PROBLEM TO WORK ON:
From the line that contains "Hi, I'm Marce, I'm" down to the final line below, please repeat each line exactly and nothing more, with no pictures.

(Short descriptive text snippets)
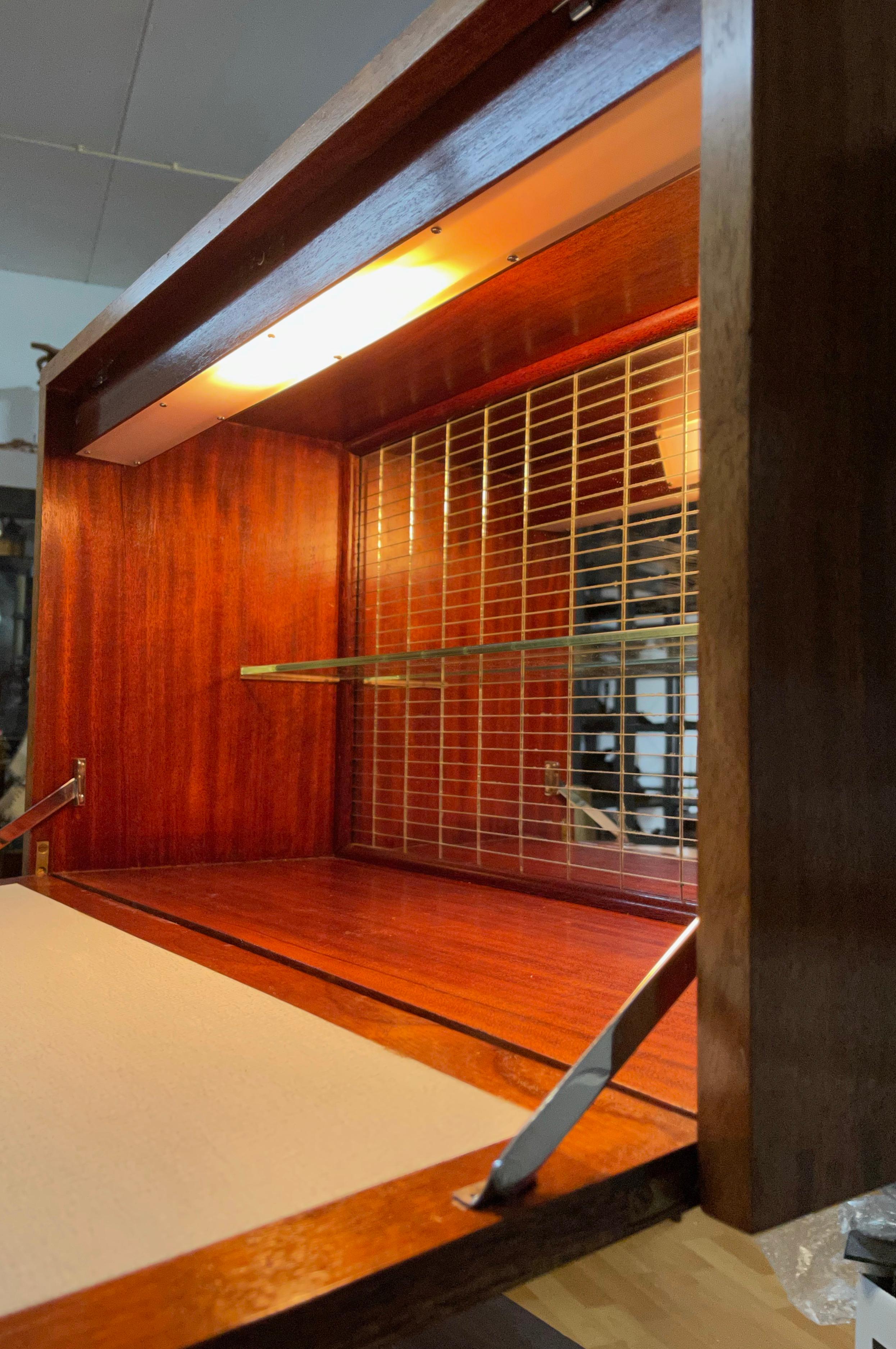 Mobile per bevande o Dry Bar in legno massiccio di Teak, anni '60, di grande qualità, stile Midcentury Modern in vendita 2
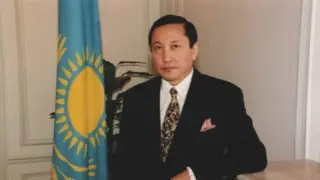 Токаев наградил ветерана дипслужбы Тлеухана Кабдрахманова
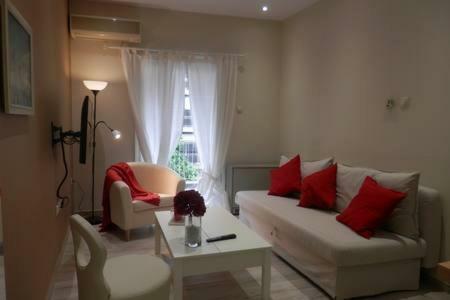 Modern Central Apartment Солун Екстериор снимка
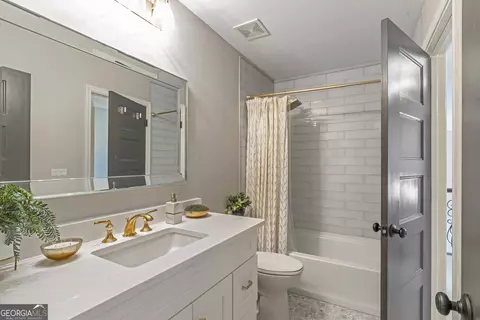Bath - 515 Delaperriere Loop, Jefferson, GA 30549 photo 4 of 5
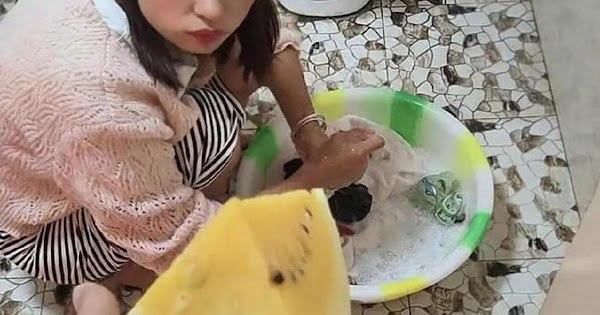 Chồng khoe vợ đảm đang mới sinh xong đã tự giặt đồ, ai ngờ bị ném đá-2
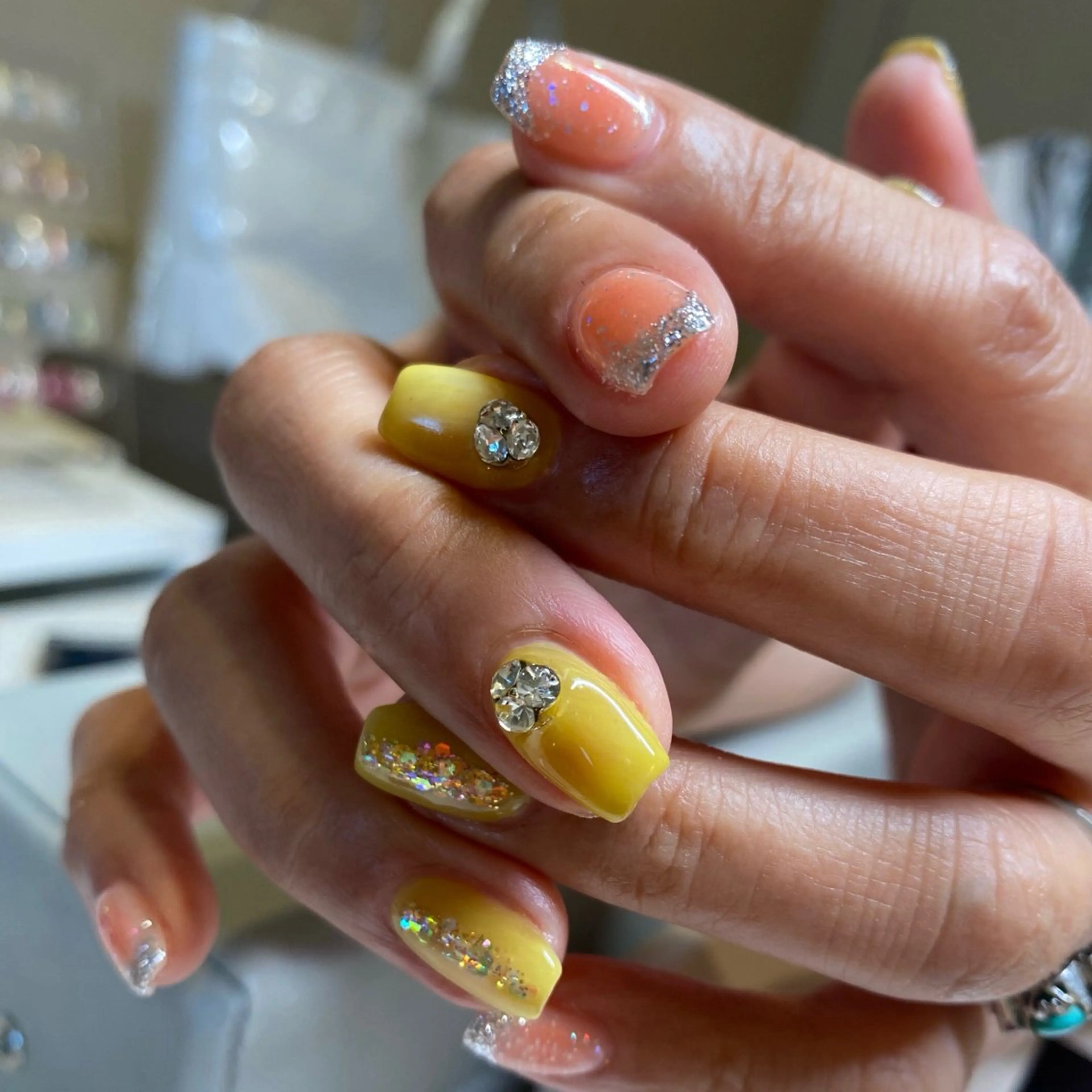 ネイル フレンチネイル ラメ(グリッター) 夏ネイル 黄色 ハンドネイル nail amuseのネイルデザイン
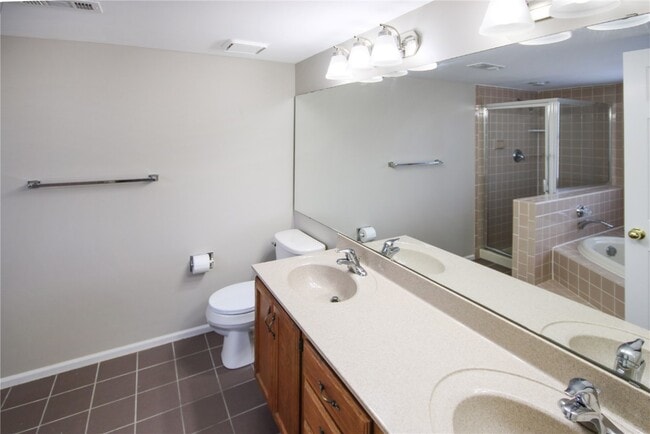 Building Photo - 411 Shirley Ridge Dr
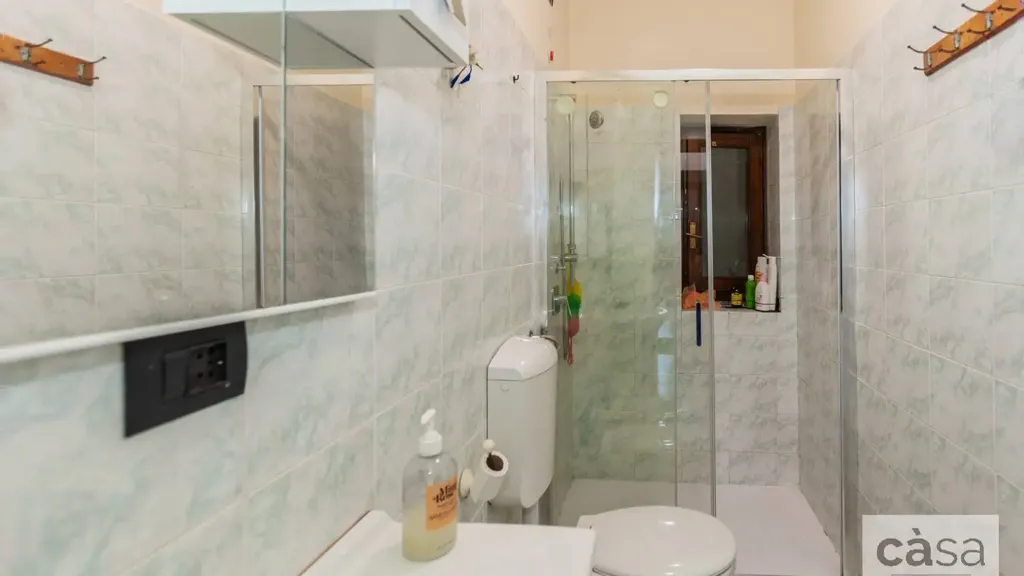 Salles de bain - Semi-detached Apartment with Balcony in Malnate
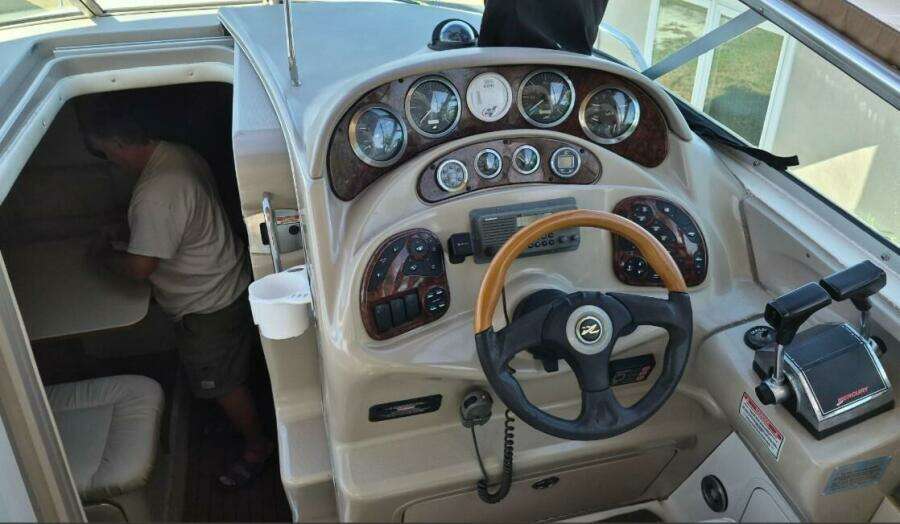 31ft Sea Ray Yacht For Sale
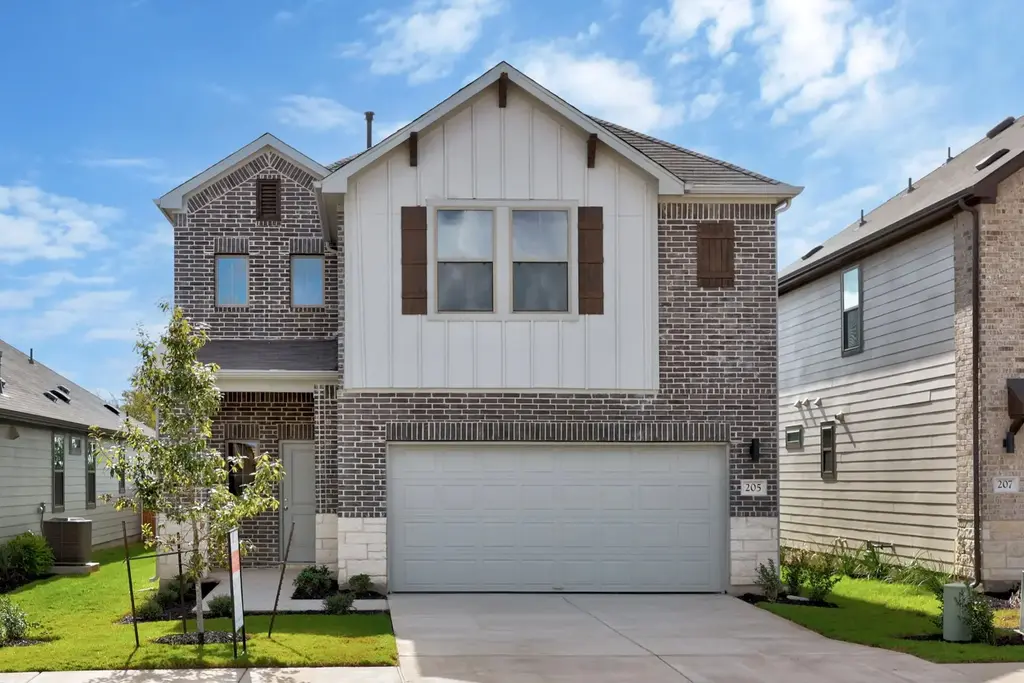 205 Hornet Street, Elgin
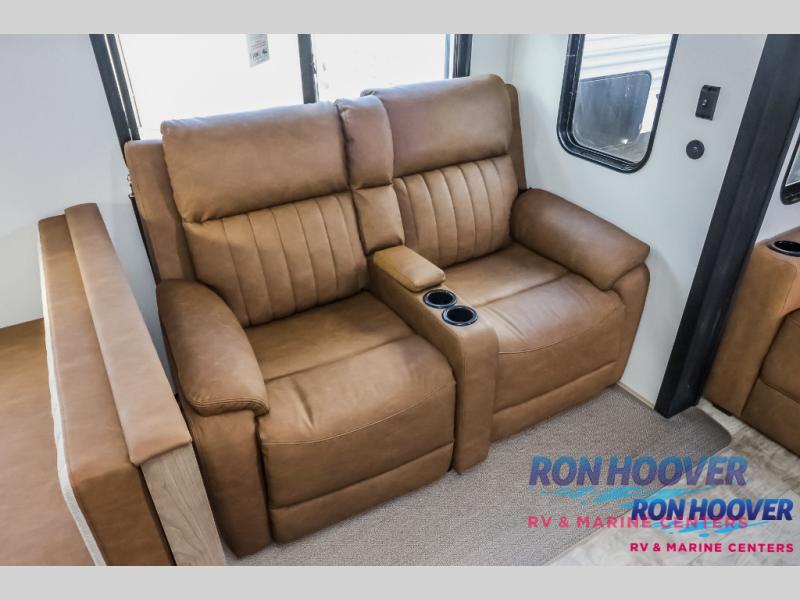 2026 PALOMINO 30RKQS - Image 23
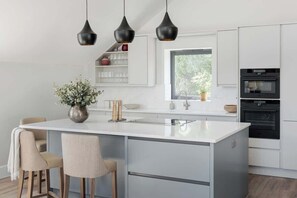 Kjøleskap, mikrobølgeovn, ovn og oppvaskmaskin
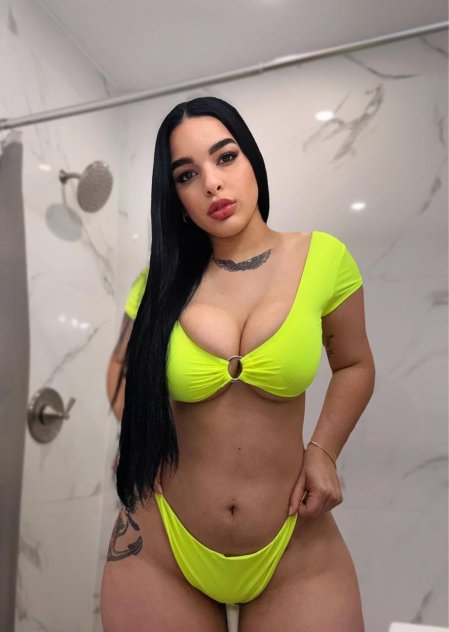 Hi, I'm Marce, I'm new to the area. 100% Latin, available now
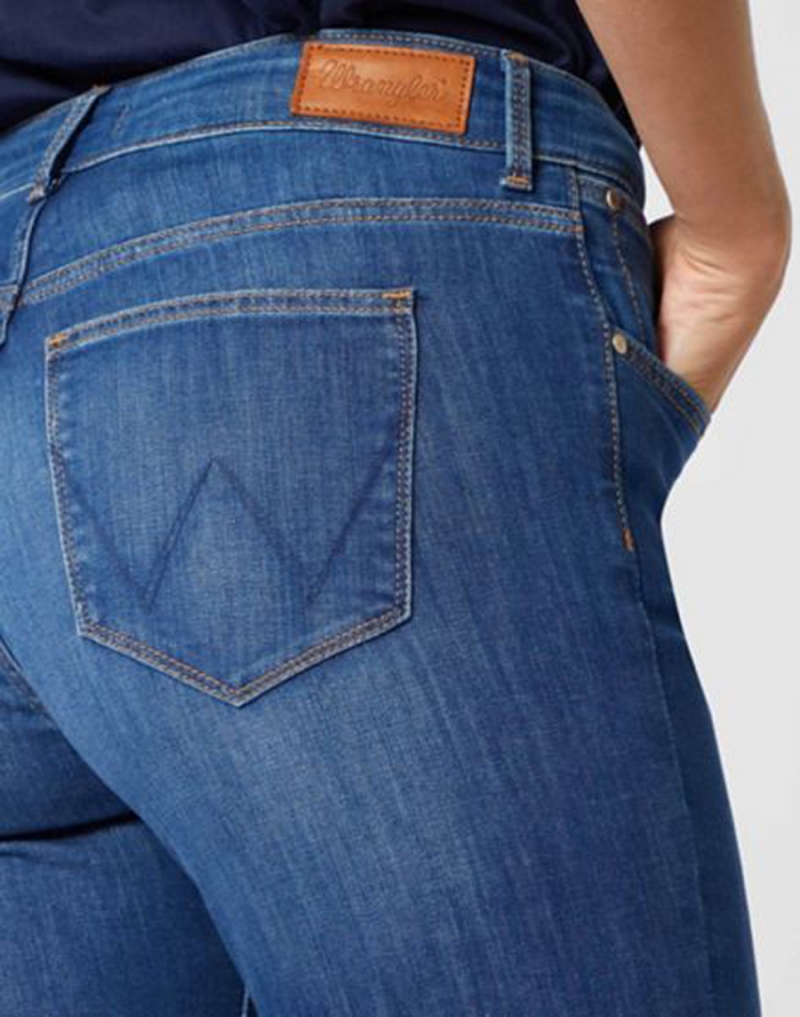 Pantalones vaqueros Wrangler slim de mujer, modelo W28LJI14S, de color tejano lavado a la piedra - 2 - La Casa Dels Pantalons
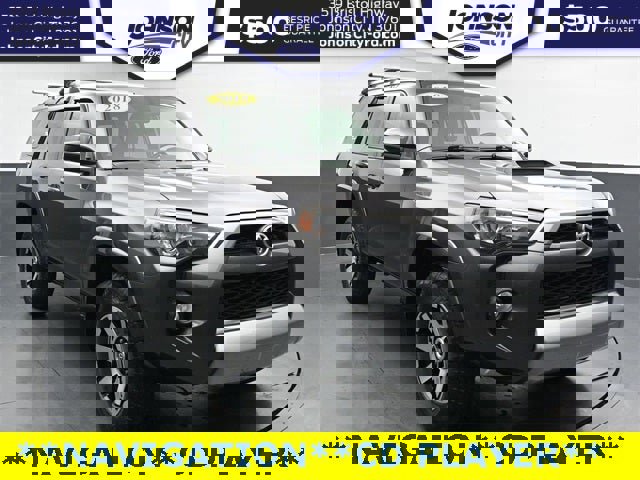 Used 2018 Toyota 4Runner TRD Off-Road image 1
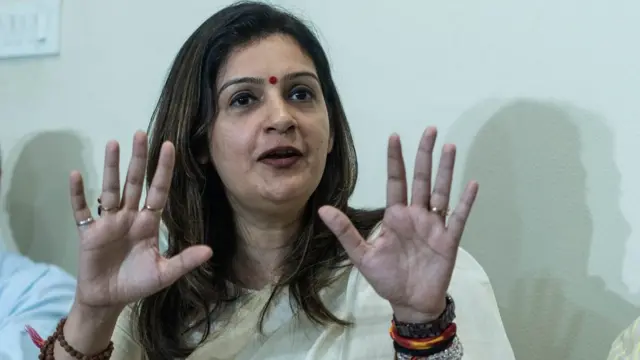 শিবসেনার এমপি ও মুখপাত্র প্রিয়াঙ্কা চতুর্বেদী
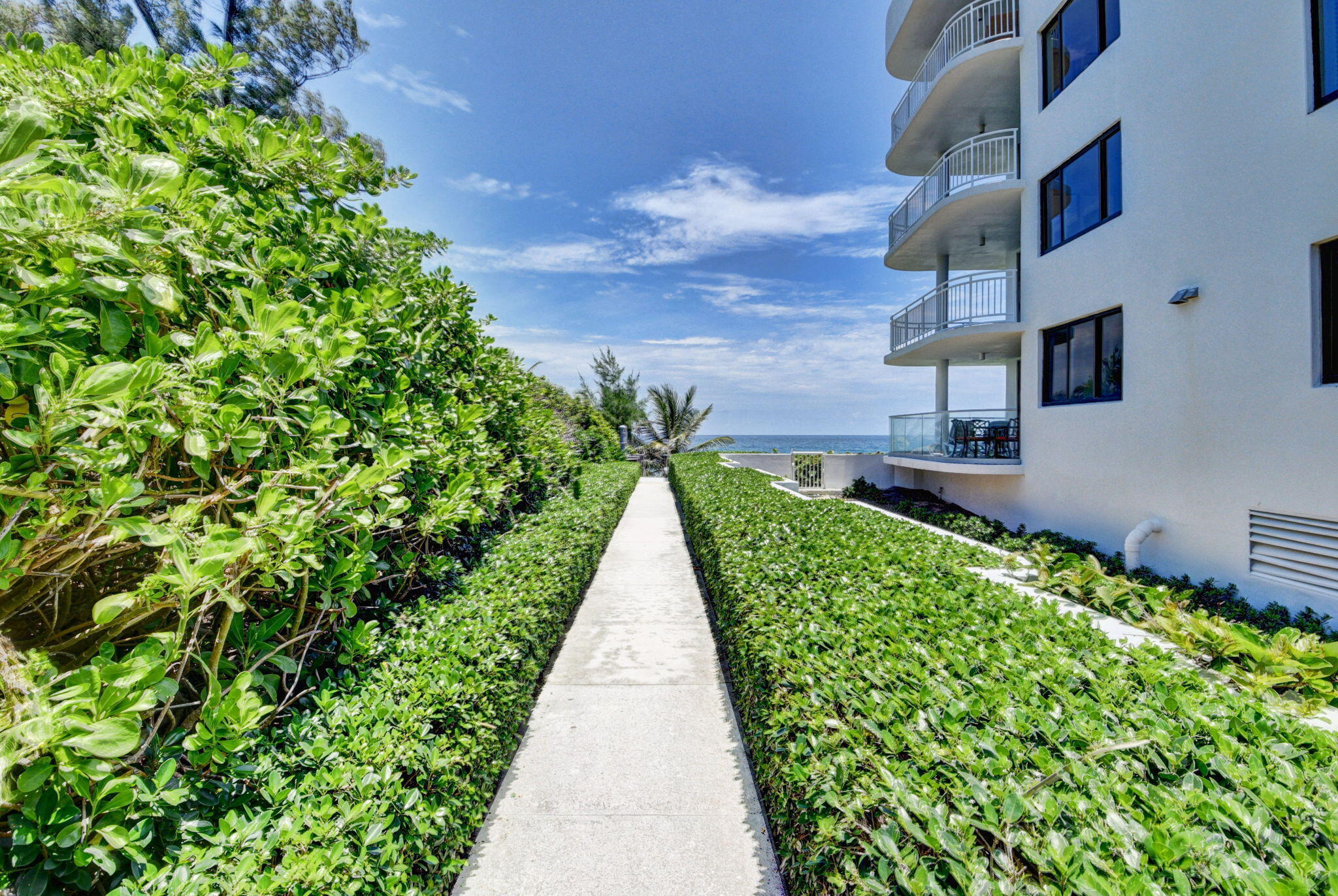 BOCA TOWERS CONDO PORTION - Residential Lease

REPLY TO THE EXERCISE:
 Hi, I'm Marce, I'm new to the area. 100% Latin, available now
 Pantalones vaqueros Wrangler slim de mujer, modelo W28LJI14S, de color tejano lavado a la piedra - 2 - La Casa Dels Pantalons
 Used 2018 Toyota 4Runner TRD Off-Road image 1
 শিবসেনার এমপি ও মুখপাত্র প্রিয়াঙ্কা চতুর্বেদী
 BOCA TOWERS CONDO PORTION - Residential Lease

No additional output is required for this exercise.